Armata, the long-awaited, state-of-the-art Russian tank, has been confirmed to have entered service, the British Ministry of Defence announced on social media.

The Armata, also known as the T-14, was first unveiled at the Moscow military parade in 2015, but its entry into service was delayed for years after missing several target dates.

According to a statement from the Russian manufacturer in early March, the tank will not be deployed in Ukraine because it is too expensive to produce and replace.
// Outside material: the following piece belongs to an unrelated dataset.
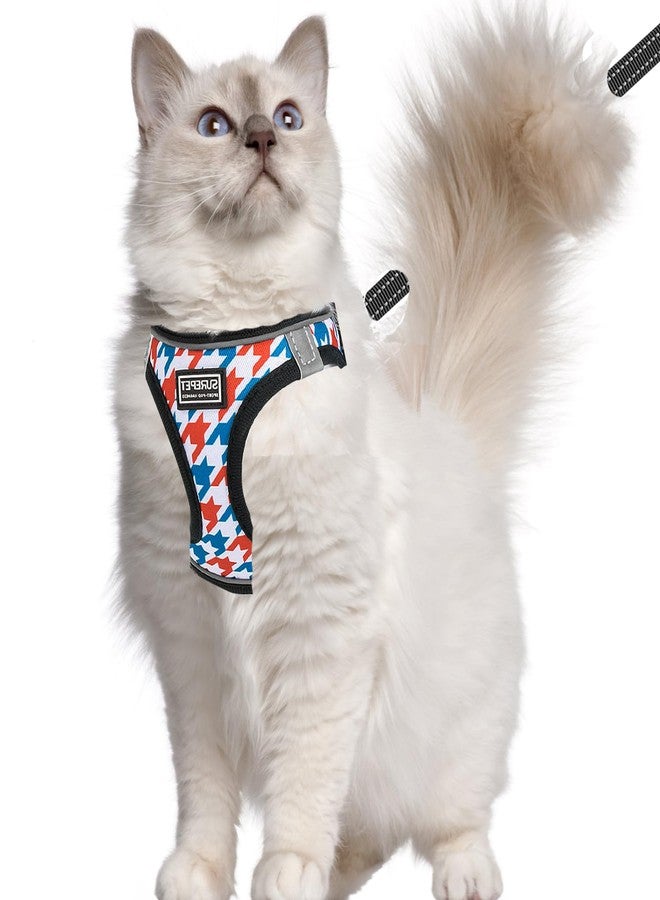 nanappice Cat Harness and Leash Escapae Proof, Chidori Grid Kitten Harness Soft Mesh Pet Cats Walking Vest Harness with Reflective Stripes - Image 1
British intelligence also says the tank has not yet been sent to the frontline, although it was reportedly seen in training drills as recently as 2022 when the Kremlin promised it would be deployed to warzones. According to the British assessment, they are reluctant to take that step because if such a state-of-the-art weapon was destroyed by the Ukrainians, it would be a huge loss of prestige. Moscow also claimed it would be very difficult to replace them when there are so few available.

Russian state media had earlier reported that the Armata had temporarily appeared and even fired on the Ukrainian front, Business Insider recalled. The Ukrainians have always denied this. The business news portal also pointed out that the situation is very similar to another high-tech Russian weapon, the fifth-generation Su-57 aircraft. There is little evidence that these have ever been deployed in Ukraine, and probably only from a fair distance, because they did not want to risk falling victim to Ukrainian air defenses or falling into NATO hands.

The cost of the Armata is estimated at $5-9 million per unit.

The tank is equipped with state-of-the-art technology, including a 360-degree camera system, thermal and infrared targeting, a remote-controlled gun, radar-absorbing paint, and a multi-layer armor coating. It can be a serious challenge to Western tanks such as the Challenger-2, Leopard-2, and M1-Abrams, which are currently deployed in Ukraine.

However, no tank is invincible

The Ukrainians have repeatedly demonstrated during the war that they are capable of inflicting significant losses on the Russians, thanks in particular to Western anti-tank systems such as the Javelin. The Ukrainian Ministry of Defense recently shared video footage of what they claimed was the shooting down of four Russian tanks and two infantry fighting vehicles.